═══ The input ═══

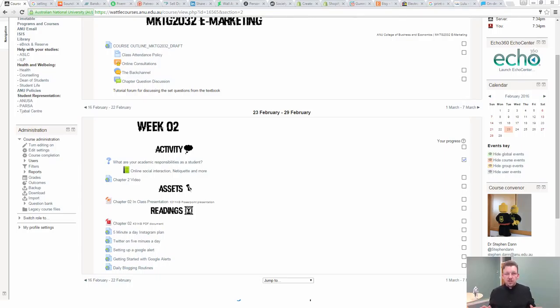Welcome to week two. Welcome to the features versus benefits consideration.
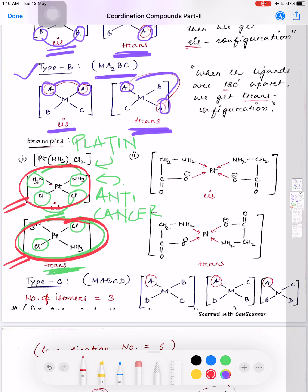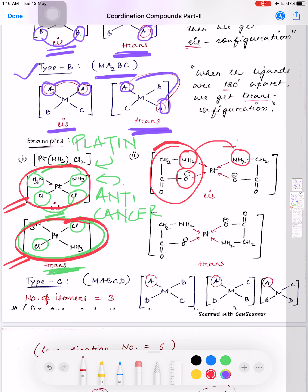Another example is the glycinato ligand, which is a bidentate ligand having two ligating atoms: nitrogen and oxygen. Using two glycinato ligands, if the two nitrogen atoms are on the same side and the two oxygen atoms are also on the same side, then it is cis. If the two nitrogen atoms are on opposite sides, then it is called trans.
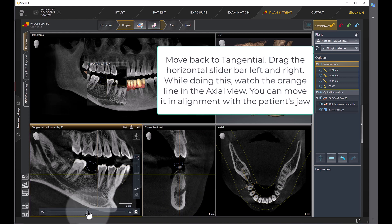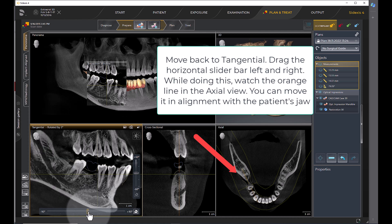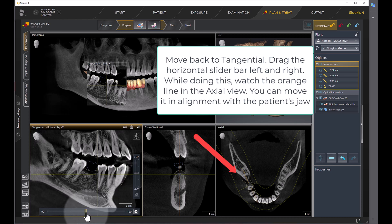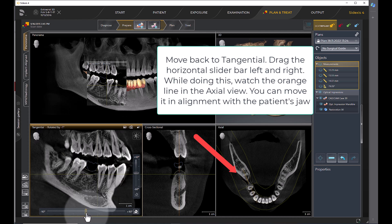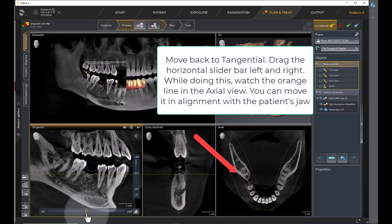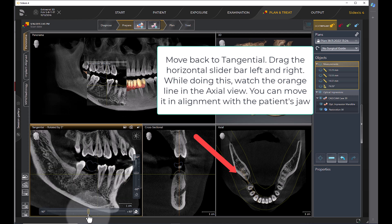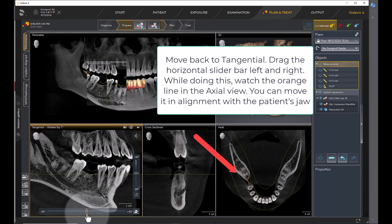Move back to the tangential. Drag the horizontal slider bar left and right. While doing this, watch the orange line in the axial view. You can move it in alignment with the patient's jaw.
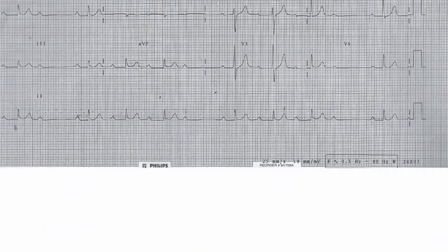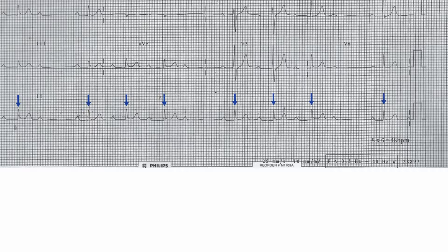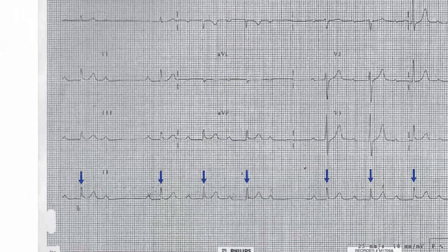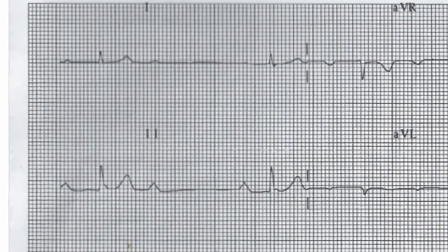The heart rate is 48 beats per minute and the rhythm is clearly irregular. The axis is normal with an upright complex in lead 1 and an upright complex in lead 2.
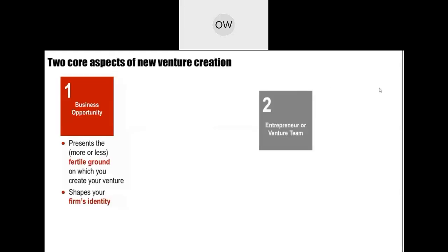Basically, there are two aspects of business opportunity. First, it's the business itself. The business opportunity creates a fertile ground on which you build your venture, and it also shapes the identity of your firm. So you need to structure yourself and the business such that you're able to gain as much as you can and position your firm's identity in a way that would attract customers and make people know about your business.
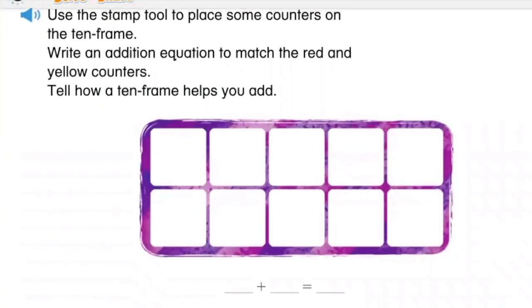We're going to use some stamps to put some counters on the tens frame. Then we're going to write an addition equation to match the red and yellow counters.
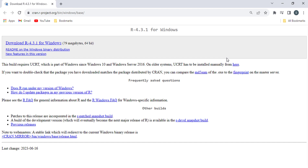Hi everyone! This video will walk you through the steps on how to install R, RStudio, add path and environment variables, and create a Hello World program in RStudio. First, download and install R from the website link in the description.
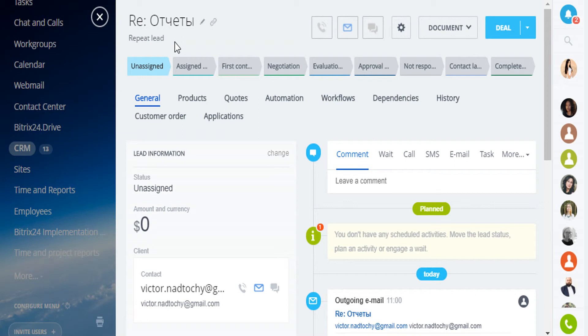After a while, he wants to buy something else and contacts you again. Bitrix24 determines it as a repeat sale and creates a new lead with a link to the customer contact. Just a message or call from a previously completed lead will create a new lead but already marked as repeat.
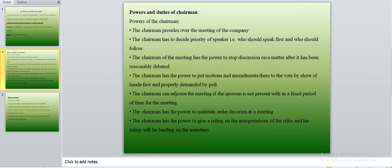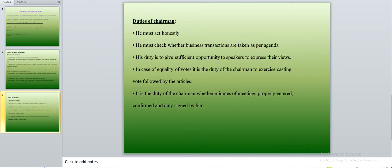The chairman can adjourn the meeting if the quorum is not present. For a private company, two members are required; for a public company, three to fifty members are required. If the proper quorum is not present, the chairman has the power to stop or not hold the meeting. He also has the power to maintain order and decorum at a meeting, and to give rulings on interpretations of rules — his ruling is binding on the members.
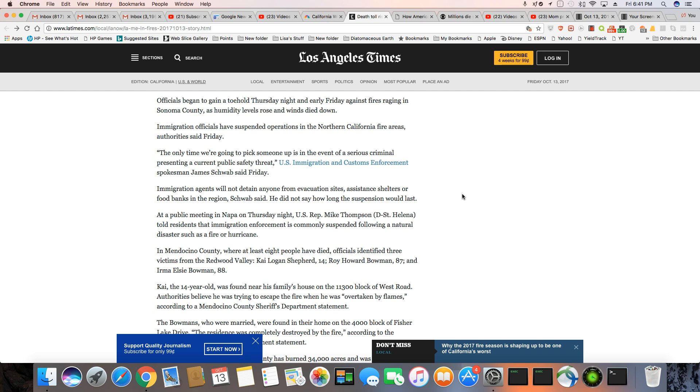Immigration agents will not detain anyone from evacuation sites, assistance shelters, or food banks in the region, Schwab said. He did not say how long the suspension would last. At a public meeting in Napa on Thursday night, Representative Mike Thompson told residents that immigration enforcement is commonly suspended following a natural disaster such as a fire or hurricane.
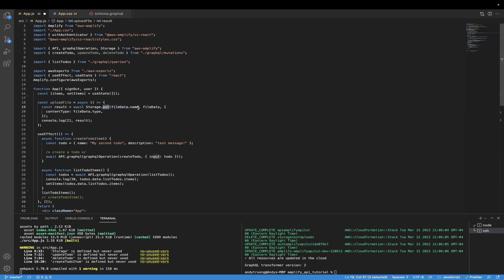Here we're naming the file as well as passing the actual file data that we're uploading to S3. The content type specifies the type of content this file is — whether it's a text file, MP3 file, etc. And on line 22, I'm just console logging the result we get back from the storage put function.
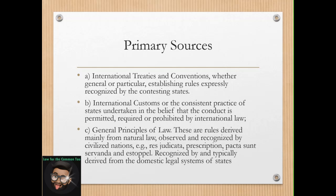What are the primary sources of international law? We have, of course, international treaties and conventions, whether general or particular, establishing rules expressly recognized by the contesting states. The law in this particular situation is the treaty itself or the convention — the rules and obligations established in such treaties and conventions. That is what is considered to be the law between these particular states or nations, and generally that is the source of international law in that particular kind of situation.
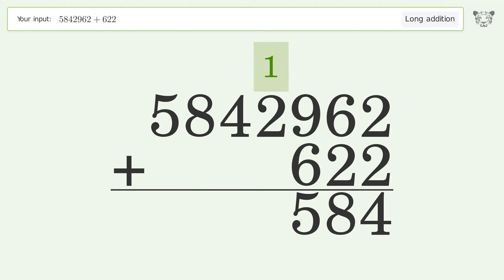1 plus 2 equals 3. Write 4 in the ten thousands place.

═══
═══ The input ═══

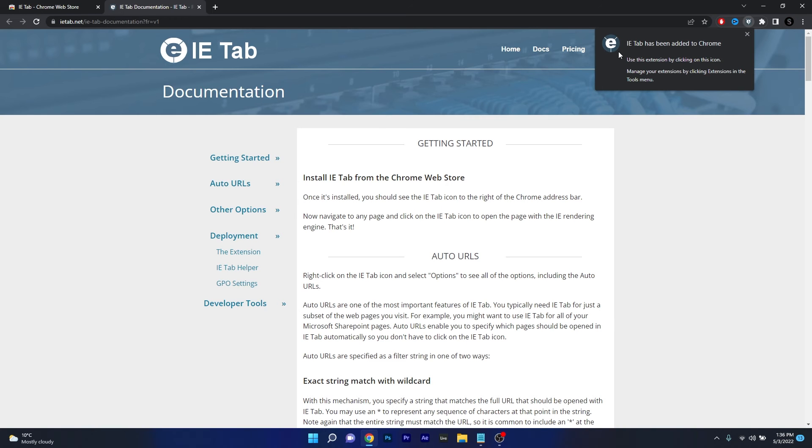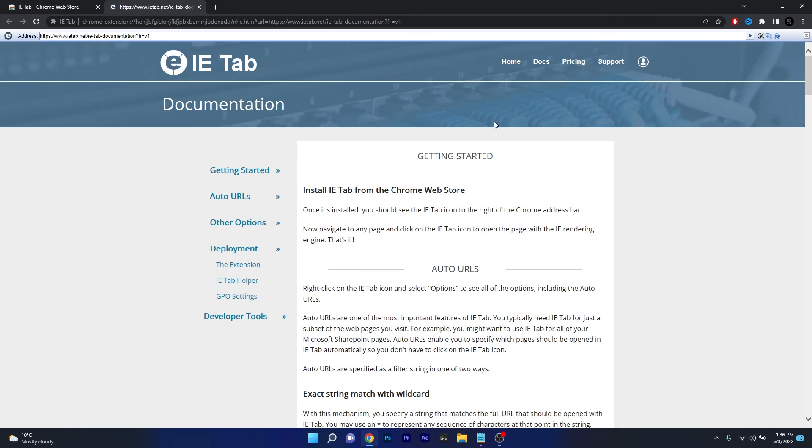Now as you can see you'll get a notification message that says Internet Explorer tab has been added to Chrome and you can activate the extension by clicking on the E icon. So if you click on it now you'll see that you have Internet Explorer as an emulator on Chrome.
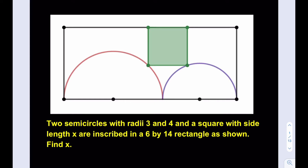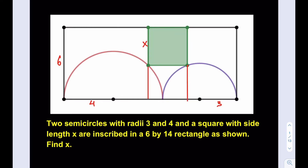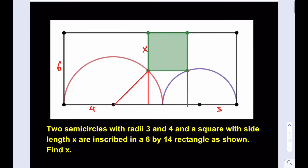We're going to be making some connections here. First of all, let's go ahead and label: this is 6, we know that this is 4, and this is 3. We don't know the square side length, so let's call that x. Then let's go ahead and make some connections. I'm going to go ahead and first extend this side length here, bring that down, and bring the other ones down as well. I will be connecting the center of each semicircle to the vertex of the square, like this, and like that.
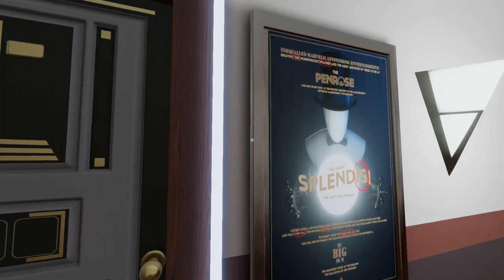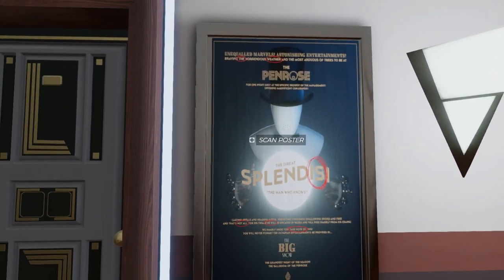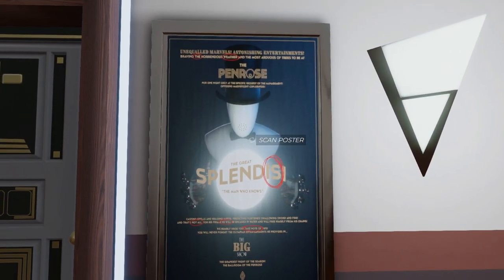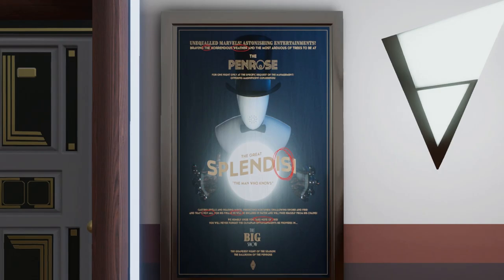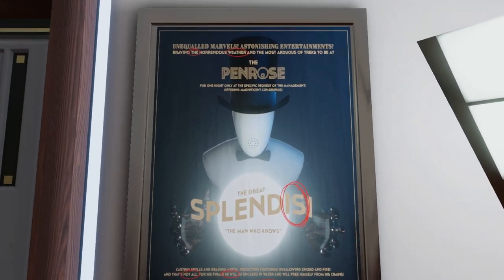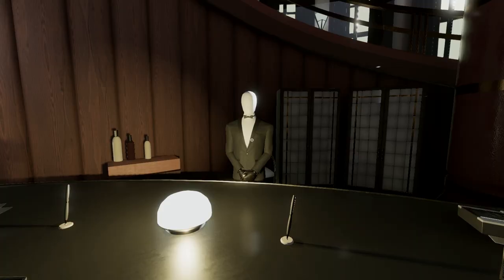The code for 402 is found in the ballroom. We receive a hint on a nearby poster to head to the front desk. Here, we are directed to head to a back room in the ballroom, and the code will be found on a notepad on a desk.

═══
═══ The input ═══

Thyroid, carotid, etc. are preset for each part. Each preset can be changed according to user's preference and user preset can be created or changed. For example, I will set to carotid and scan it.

═══

**Problem requirements**
Using the entries above, write out exactly the lines from the one with "Hi everyone! This" through the one with "After a while, he", ends included. Leave out any pictures.

**Exercise solution**
Hi everyone! This video will walk you through the steps on how to install R, RStudio, add path and environment variables, and create a Hello World program in RStudio. First, download and install R from the website link in the description.
After a while, he wants to buy something else and contacts you again. Bitrix24 determines it as a repeat sale and creates a new lead with a link to the customer contact. Just a message or call from a previously completed lead will create a new lead but already marked as repeat.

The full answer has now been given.